Azure to Azure disaster recovery architecture

This article describes the architecture, components, and processes used when you deploy disaster recovery for Azure virtual machines (VMs) using the Azure Site Recovery service. With disaster recovery setup, Azure VMs continuously replicate to a different target region. If an outage occurs, you can fail over VMs to the secondary region, and access them from there. When everything's running normally again, you can fail back and continue working in the primary location.

Architectural components

The components involved in disaster recovery for Azure VMs are summarized in the following table.

Component Requirements
VMs in source region One of more Azure VMs in a supported source region.

VMs can be running any supported operating system.
Source VM storage Azure VMs can be managed, or have nonmanaged disks spread across storage accounts.

Learn about supported Azure storage.
Source VM networks VMs can be located in one or more subnets in a virtual network (VNet) in the source region. Learn more about networking requirements.
Cache storage account You need a cache storage account in the source network. During replication, VM changes are stored in the cache before being sent to target storage.

Using a cache ensures minimal impact on production applications that are running on a VM.

Learn more about cache storage requirements.
Target resources Target resources are used during replication, and when a failover occurs. Site Recovery can set up target resource by default, or you can create/customize them.

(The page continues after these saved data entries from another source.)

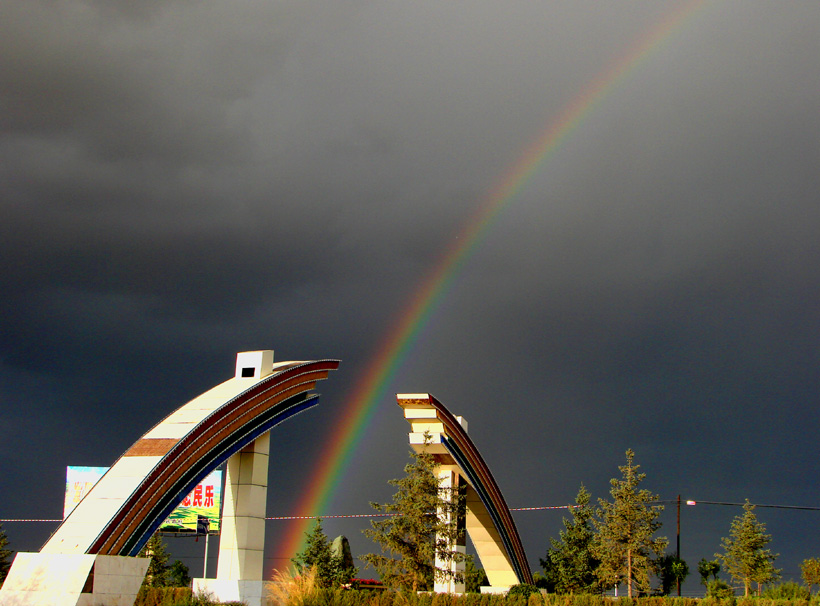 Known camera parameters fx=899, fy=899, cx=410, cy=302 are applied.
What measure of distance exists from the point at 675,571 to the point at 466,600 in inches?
1580

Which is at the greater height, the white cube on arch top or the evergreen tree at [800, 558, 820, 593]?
the white cube on arch top

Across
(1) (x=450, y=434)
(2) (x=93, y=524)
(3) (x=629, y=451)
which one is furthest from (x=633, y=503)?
(2) (x=93, y=524)

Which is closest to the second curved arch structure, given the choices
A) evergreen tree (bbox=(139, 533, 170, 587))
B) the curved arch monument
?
the curved arch monument

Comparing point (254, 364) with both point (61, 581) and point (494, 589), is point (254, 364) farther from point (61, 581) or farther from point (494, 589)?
point (494, 589)

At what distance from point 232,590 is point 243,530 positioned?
253 centimetres

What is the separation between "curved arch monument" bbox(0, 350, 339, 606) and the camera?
2998 centimetres

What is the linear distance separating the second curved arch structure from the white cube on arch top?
8809 mm

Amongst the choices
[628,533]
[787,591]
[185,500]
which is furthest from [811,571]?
[185,500]

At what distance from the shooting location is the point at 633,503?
52031 mm

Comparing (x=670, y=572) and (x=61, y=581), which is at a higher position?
(x=61, y=581)

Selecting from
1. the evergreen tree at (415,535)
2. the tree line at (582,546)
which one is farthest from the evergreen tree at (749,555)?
the evergreen tree at (415,535)

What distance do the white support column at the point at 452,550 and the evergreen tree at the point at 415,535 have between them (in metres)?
0.35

In the target region, check that you're able to create VMs, and that your subscription has enough resources to support VM sizes that are needed in the target region.

Diagram showing source and target replication.

Target resources

When you enable replication for a VM, Site Recovery gives you the option of creating target resources automatically.

Target resource Default setting
Target subscription Same as the source subscription.
Target resource group The resource group to which VMs belong after failover.

It can be in any Azure region except the source region.

Site Recovery creates a new resource group in the target region, with an "asr" suffix.
Target VNet The virtual network (VNet) in which replicated VMs are located after failover. A network mapping is created between source and target virtual networks, and vice versa.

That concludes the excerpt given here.